MacKinnon too notes the violence that is used when it comes to heterosexual sex. She believes that heterosexuality is defined by “the eroticization of dominance and submission” (178). Gay sex, too, often enacts this dominance and submission. Even if we aren’t talking about sex, it seems that men are defined by domination and women by submission. The countless times I was called “pussy,” “pansy,” and “girl” in the hallways at school began to have a new meaning to me after I read Dworkin’s and MacKinnon’s work. If I wasn’t aggressive enough, I wasn’t fully a man. I had to a be a “girl.”

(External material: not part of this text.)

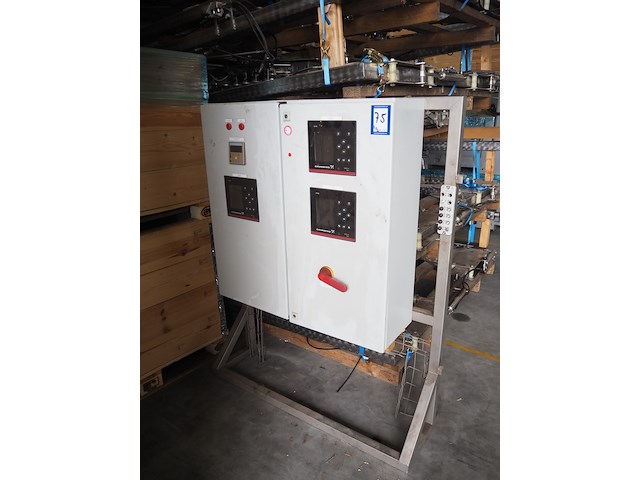 Grundfos - afbeelding 11 van  24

“Why must human experience by ‘gendered’ at all?” Stoltenberg asks (304). This is a question that I’ve spent quite a bit of time considering. It seems that in a truly just society, we wouldn’t need gender. We would be polyandrogynous beings, each one of us a mixture of feminine and masculine traits without being labeled as gendered. If society were this way, it seems to me, then we wouldn’t have to rely on a system of gendered domination. Youth wouldn’t feel less than others because they didn’t live up to a model of manhood. I wouldn’t have been humiliated by the bullying of my brother on the bus. People attracted to the same sex would be safer because there would be no expectations that they be attracted to certain people.

What this would ultimately mean, I believe, is respecting one’s own and others’ dignity. Stoltenberg writes that to be a man means to be loyal to manhood rather than to oneself. To pass the test of manhood one has to ignore the dignity of others and of oneself, to reduce others to “Its” instead of full humans, or “Yous” (1, 330). When we men bully or demean others, we reduce them to objects, to “Its.” This act of demeaning seems completely wrapped up in the construction of manhood. It seems that a genderless society would be the best answer, and I admire some people who have decided to use gender-neutral pronouns for their efforts toward this change.

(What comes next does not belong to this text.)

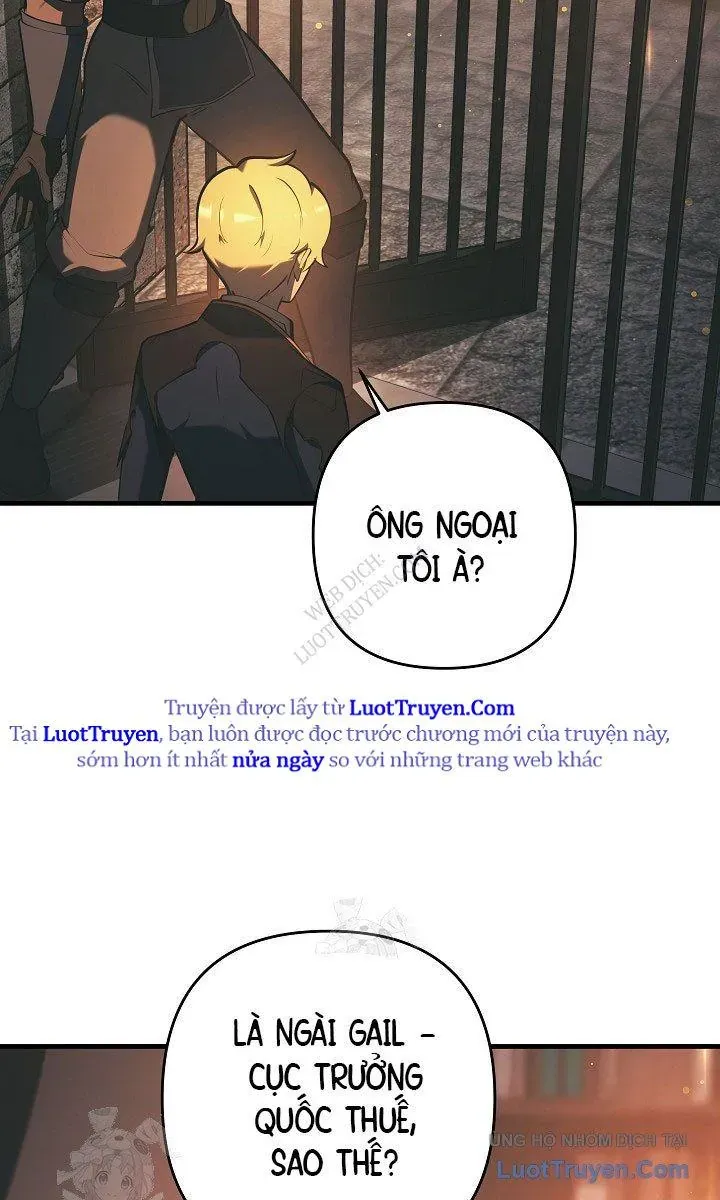 Con Chó Điên Nhà Công Tước Chap 27 - Next Chap 28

But here enters my ambivalence: I’ve considered my discomfort at continuing to identify as a man, to use the pronouns “he” and “him,” to continue existing in a binary gender system with which I disagree. I have considered instead identifying as genderqueer and asking others to use the pronouns “ze” and “hir” when referring to me. But I have to consider pragmatism. I am visibly male, and unless I take moves to alter my physical makeup, I will probably always be coded by others as male, and thus ascribed as a “man” by strangers. To deny that I have been constructed as a man, I believe, would be to also deny all the privileges that I get (unearned) for being coded as a man in society. This includes those privileges that we give men unconsciously: taking their ideas more seriously, listening with more respect, not interrupting their words as often as we do women’s, to start a brief list.

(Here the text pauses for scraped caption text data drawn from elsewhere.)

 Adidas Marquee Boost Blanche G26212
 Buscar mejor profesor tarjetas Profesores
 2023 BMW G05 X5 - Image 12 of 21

But there is another reason I don’t feel comfortable starting to identify as genderqueer: as an educator, I feel that if I am perceived as too radical (and granted, some readers will already feel that I am), I might lose identification with students. That is, if I identify as genderqueer, I may alienate students who have more traditional values. Losing this identification with younger men is especially dangerous, I feel, for male students who often need a model of manhood that is as non-dominating as possible. I now teach college, but when I taught middle school, I think the model of manhood that I presented (one that stuck up for women and queer folk, one that showed interest in traditionally feminine activities, one that wasn’t deep-voiced or physically threatening) served as a model for the quieter, weaker, and meeker (and possibly queer) boys that one could be a man who was strong in non-traditional ways.

So what does it mean to me to be a queer man? We often speak of allies in the queer community, generally in terms of heterosexual folk who have chosen to work and fight as allies to queer folk. But I’d like to reposition this word, and stress the importance of queer men as allies to other subjects of domination: women, trans folk, other queer men, persons of color, differently-abled folk, economically disadvantaged people.

The ways we can go about this are various, but I believe that three key approaches are important. First, we must give up our unearned privilege when we can. For example, male voices are given more reverence than female voices in our society, and it is important to let others speak and call attention to situations when male voices are valued more highly. Second, we must also use this unearned privilege to help others when we can. This can involve situations of speaking truth to power when those in power won’t listen to the lived experiences of oppressed people. Finally, if we are ever to achieve a more equal, just society, we must break the male bond, by which I mean when men bond over the domination of others (e.g., talking about women as if they are solely objects). It is vital to break my bond with those men and instead stand up as an ally for other oppressed folks.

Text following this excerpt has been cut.